10/10/20       #9: How to account for Fixed Costs ...
TonyF

Oggie:

My input was more of a shop rate reality check, rather than some utopian accumulation of incurred expenses that are taken on without thought and passed on to the customer in some kind of fantasy reimbursment scheme.

Yes, one has to be efficient and competitive to survive in the marketplace. One might try to find a profitable niche, rather than compete for lower grade work, which in a cutthroat environment is not much better than a race to the bottom.

Not every operation has the same expenses, and as such shop rates vary, much as some operations are more efficient than others, and require fewer hours to complete a given project.

My point, and I do have one, is that whatever ones expenses are, one needs to be aware that they are expenses, and that they need to be accounted for. The ongoing expenses occur whether one has work or not, or whether or not a profit is made on the work one does have, and that these expenses will need to be paid by someone. Again, either you or your customer is paying for these expenses.

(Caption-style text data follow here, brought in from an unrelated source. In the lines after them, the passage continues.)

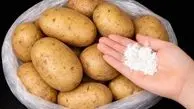 ترفندهای ساده برای نگهداری سیب زمینی تا 6 ماه بدون جوانه زدن / فیلم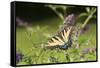 Eastern Tiger Swallowtail on Butterfly Bush, Illinois-Richard & Susan Day-Framed Stretched Canvas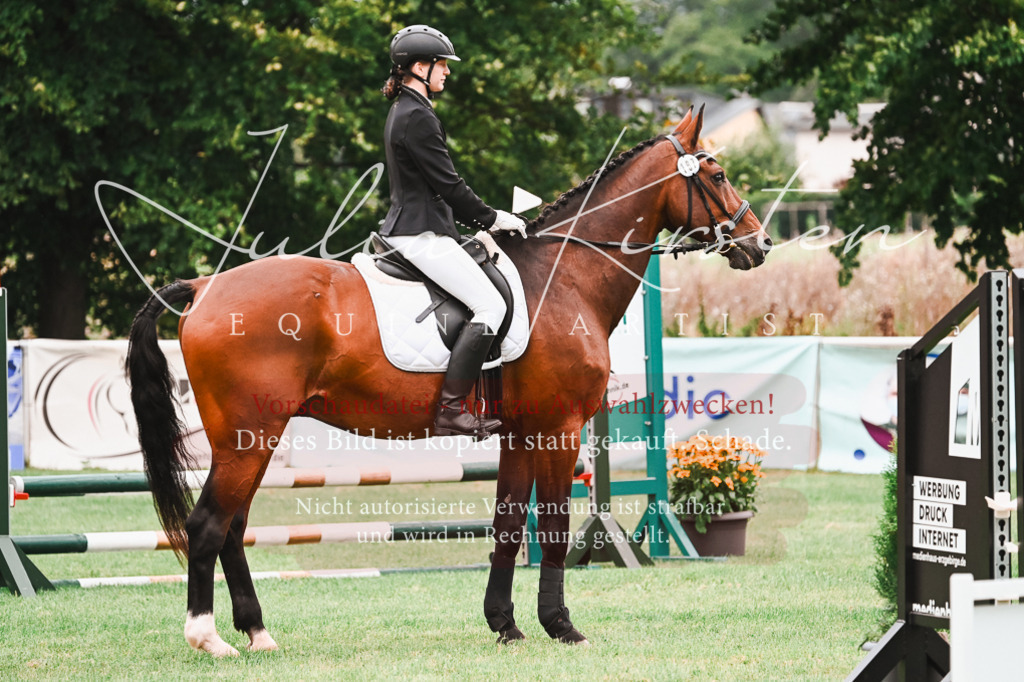 DSC_5959 | Pferde- und Turnierfotografie in Westsachsen. Pferdeportraits, Auftragszeichnungen und intuitive Kunst.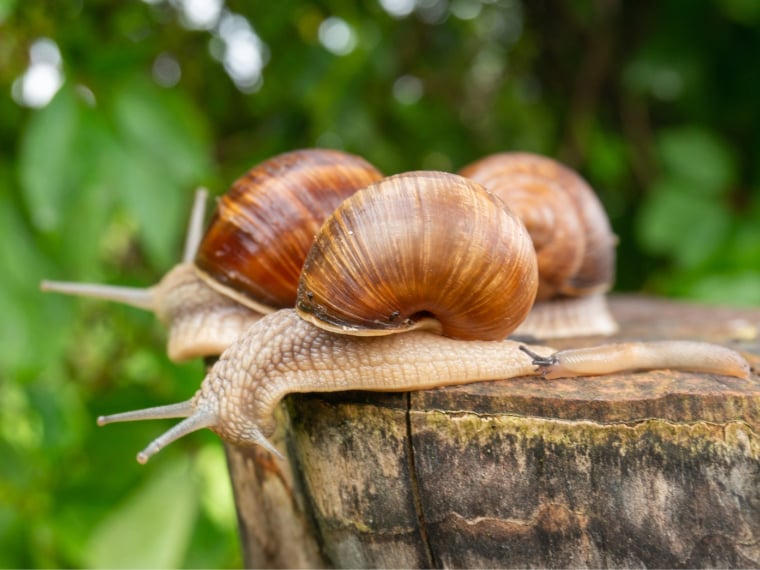 Weinbergschnecke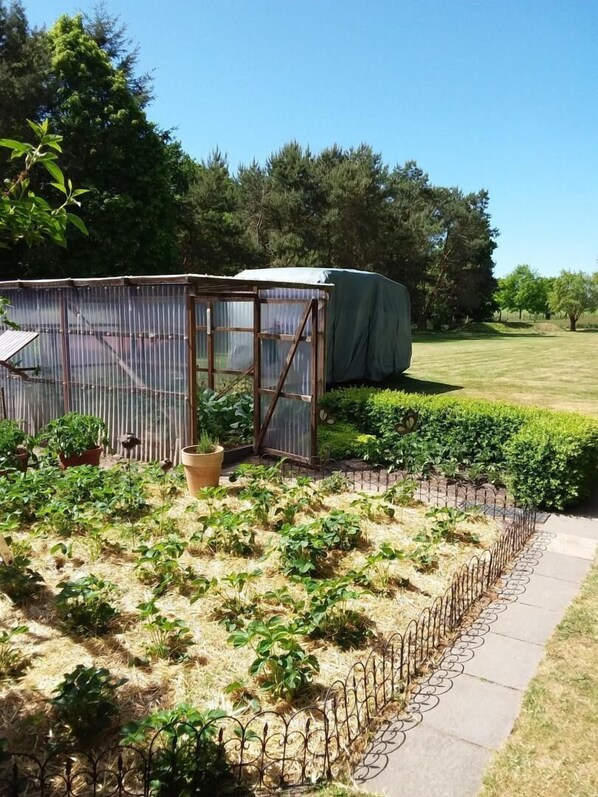 Overnatningsstedets område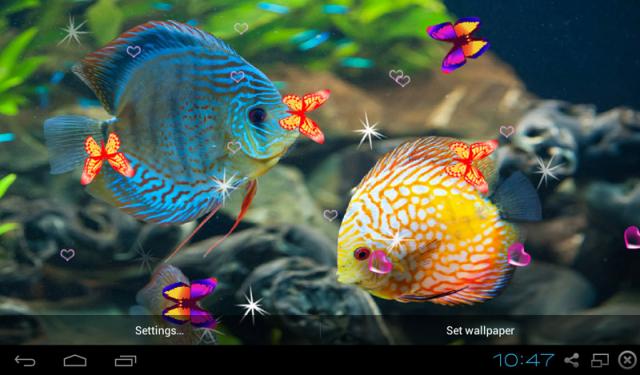 Lg Optimus G L 01e 3d Discus Aquarium Live Wallpaper App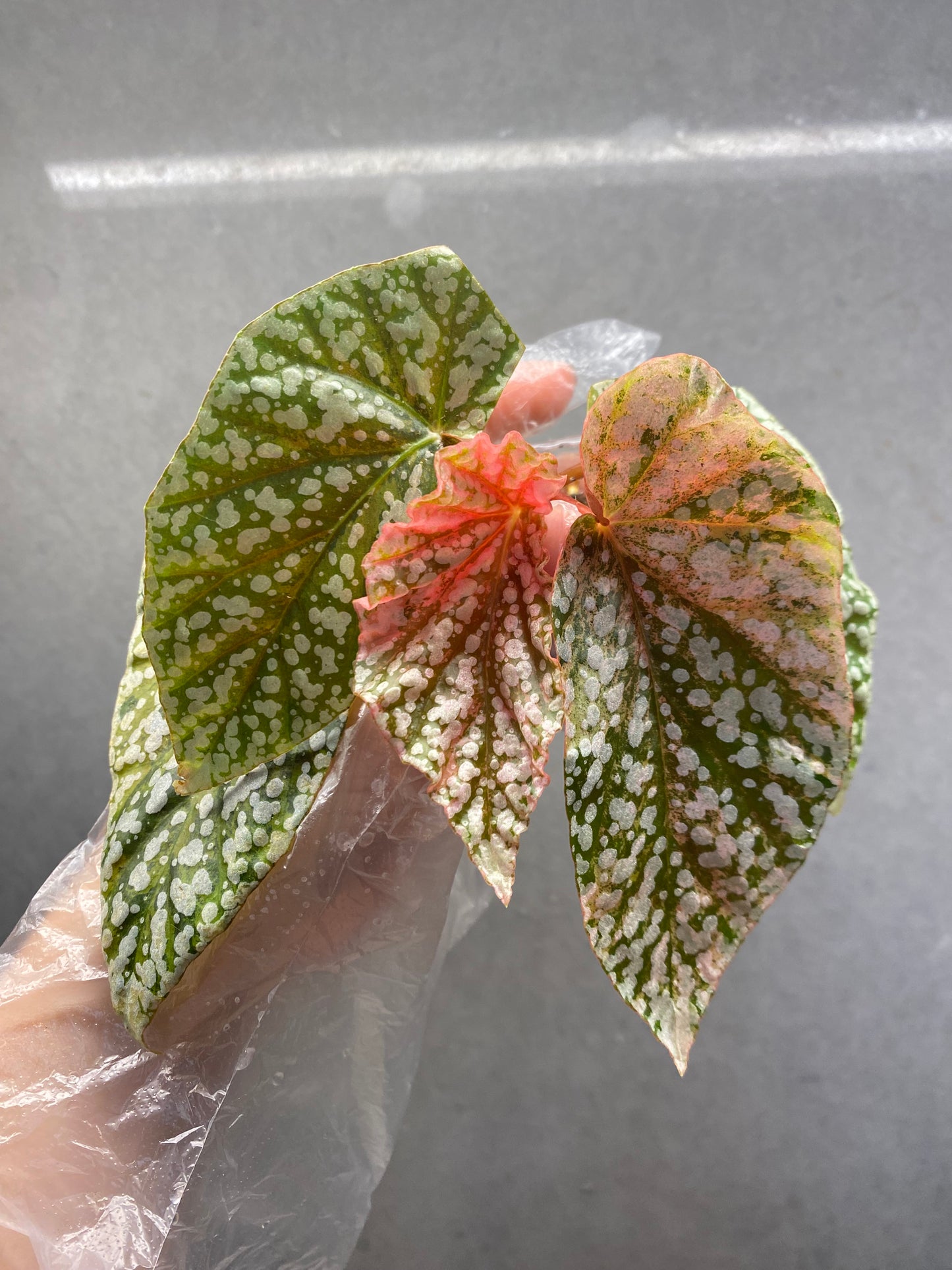 🌿 Begonia 'Snow Cap' Pink Variegated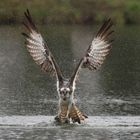 Freitag gibt es  Fisch! Egal wie das Wetter ist! Fischadler - (Pandion haliaetus)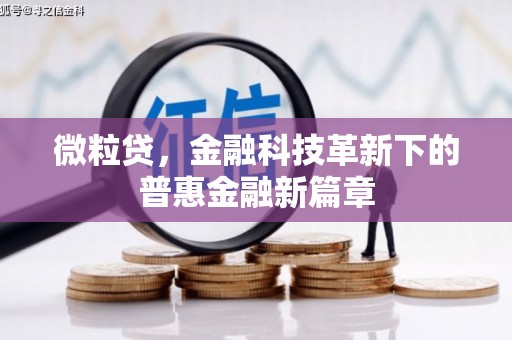 阜平微粒贷，金融科技革新下的普惠金融新篇章
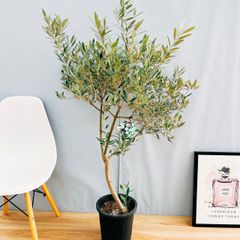 ［現品］46番　創樹　オリーブ　ピクアル　8号　観葉植物　大型　屋外　souju 珍しい　かわいい　おしゃれ　人気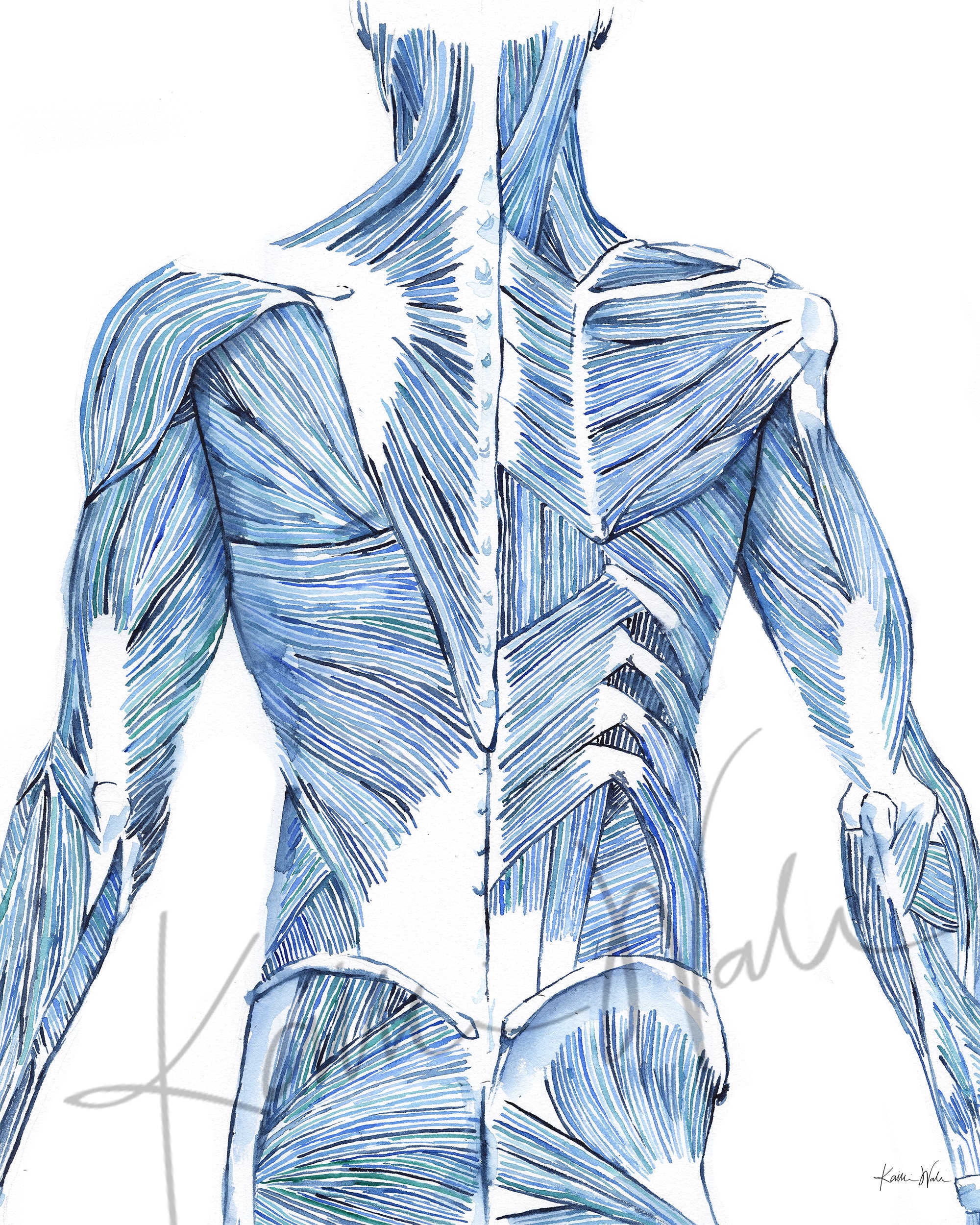 Striated Back Muscles Watercolor Print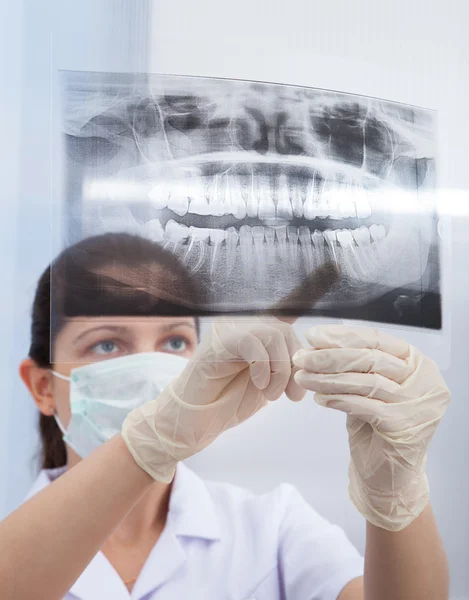 Stomatologist wijzend op kaak xray — Stockfoto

The question was about the cost of keeping the doors open, which means knowing what your expenses are, and not about marketplace competitiveness or manufacturing efficiency. If one doesn't know ones expenses and account for them, it is possible to have both marketplace competetiveness and manufacturing efficiency and still be unprofitable.

TonyF

10/12/20       #10: How to account for Fixed Costs ...
Nick Cook Member

Website: http://kootenaicabinets.com

Guys,

Thank you for all your answers. It did help. I see truth in all the approaches to the answers. It is definitely important to know the reality of the numbers and how to account for where the money is going. How can good decisions be made without a realistic understanding? Thanks again for taking the time to answer my question.